*Activity*: Once the pictures are set aside, output all the records exactly.

━━━ Entries supplied

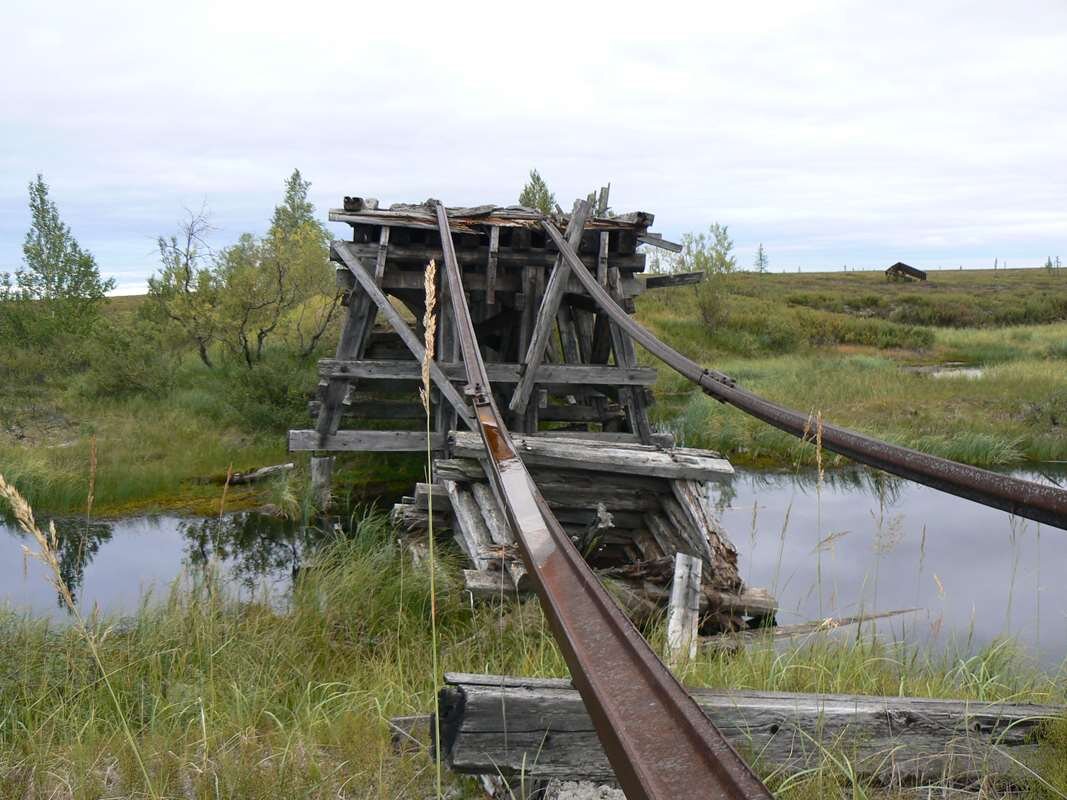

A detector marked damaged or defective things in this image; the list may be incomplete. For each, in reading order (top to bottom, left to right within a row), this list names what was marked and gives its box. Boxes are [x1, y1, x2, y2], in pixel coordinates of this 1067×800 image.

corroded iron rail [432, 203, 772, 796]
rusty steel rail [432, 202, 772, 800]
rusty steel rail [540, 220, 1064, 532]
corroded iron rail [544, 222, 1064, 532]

━━━━━━

*Task solution*:
A detector marked damaged or defective things in this image; the list may be incomplete. For each, in reading order (top to bottom, left to right within a row), this list names what was marked and gives its box. Boxes are [x1, y1, x2, y2], in pixel coordinates of this 1067×800 image.

corroded iron rail [432, 203, 772, 796]
rusty steel rail [432, 202, 772, 800]
rusty steel rail [540, 220, 1064, 532]
corroded iron rail [544, 222, 1064, 532]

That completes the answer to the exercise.